▶ Task: Below this line are records; transcribe exactly the lines between the one holding "Sinop: Homem fica" and the one holding "世紀(jì)豪軒&middo", inclusive, and omit the pictures.

------------------------------------

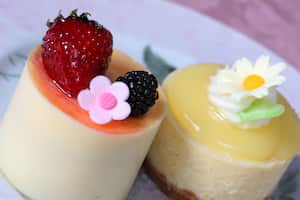 Quiere impresionar con un postre rápido y exquisito. Conozca cómo hacer este cheescake en minutos.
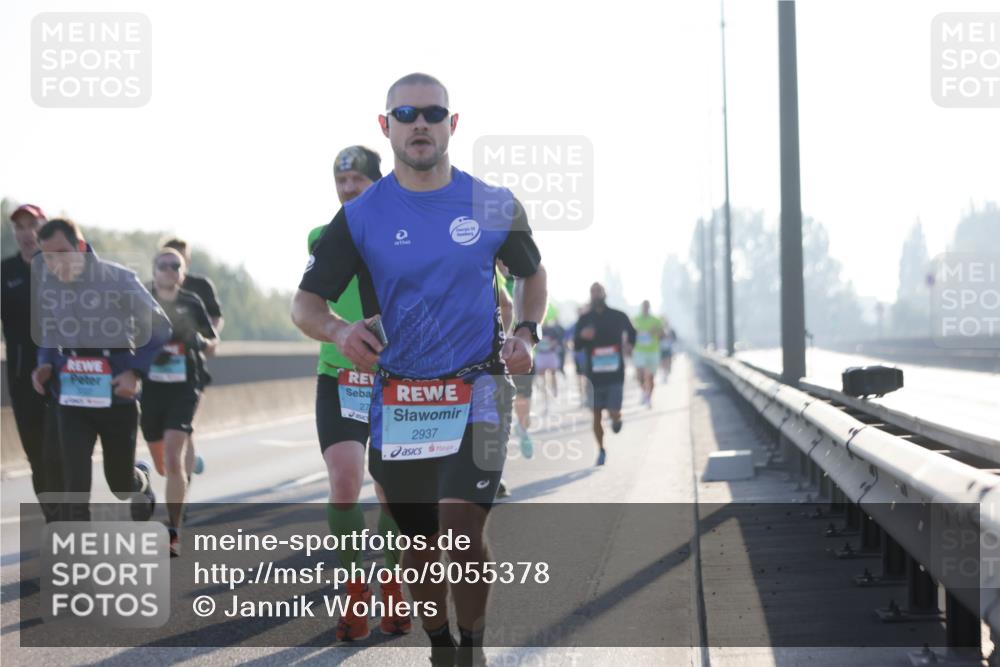 03.10.2025 - Köhlbrandbrückenlauf Jannik Wohlers http://msf.ph/oto/9055378 03.10.2025 09:12:50 Position 3 27, 2937 meine-sportfotos.de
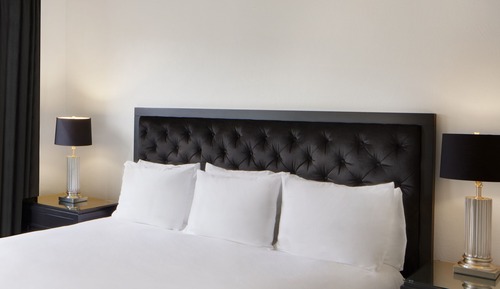 Habitación básica, 1 cama de matrimonio grande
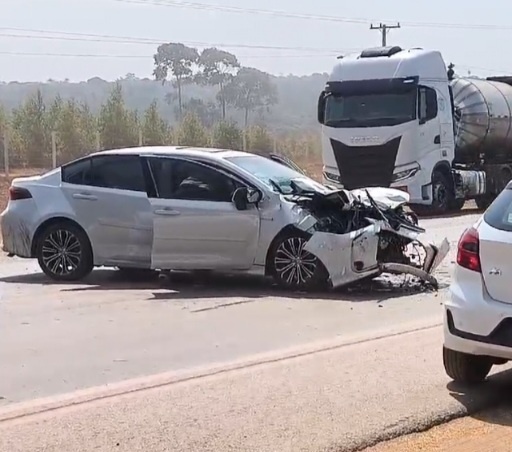 Sinop: Homem fica ferido em colisão entre carro e caminhão tanque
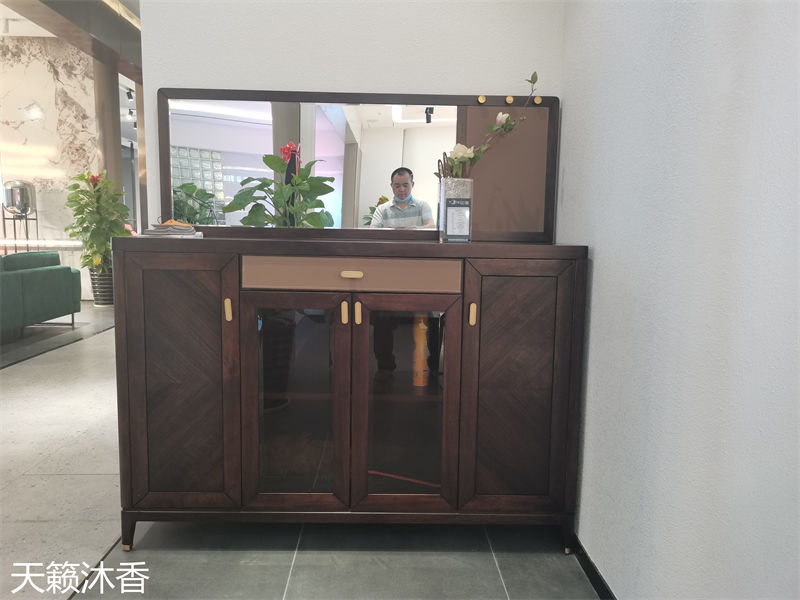 世紀(jì)豪軒&middot;天籟沐香 蘭亭韻-悅系列時(shí)尚輕奢新中式風(fēng)格愛(ài)里古夷蘇木家具展廳實(shí)拍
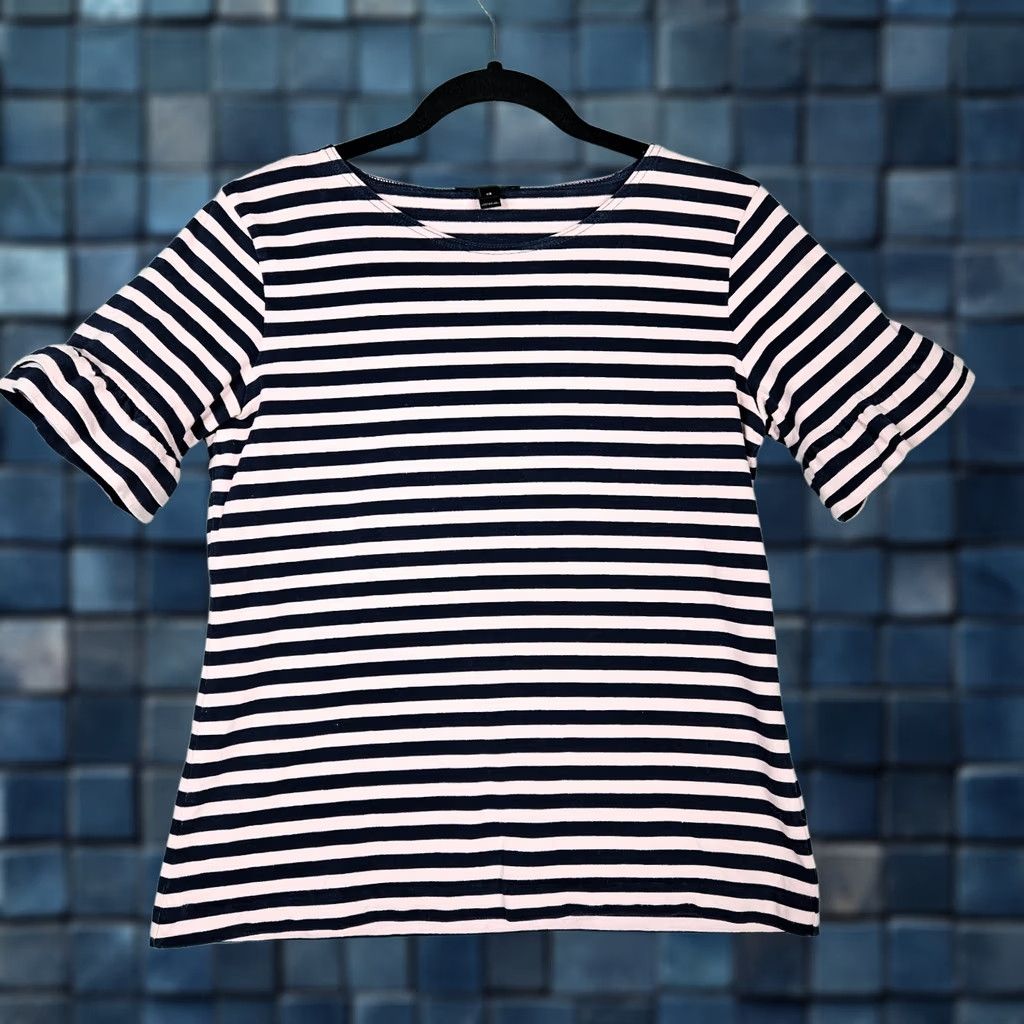 J.Crew J.CREW Women's XS Stripes Pink Ruffle Sleeve Tee Shirt, Short Sleeve, Round Neck, Cotton Blend, Basic T-Shirt, All Seasons, Casual, Regular Fit, Pink Size XS / US 0-2 / IT 36-38 - 1 Thumbnail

------------------------------------

▶ Exercise result:
 Sinop: Homem fica ferido em colisão entre carro e caminhão tanque
 世紀(jì)豪軒&middot;天籟沐香 蘭亭韻-悅系列時(shí)尚輕奢新中式風(fēng)格愛(ài)里古夷蘇木家具展廳實(shí)拍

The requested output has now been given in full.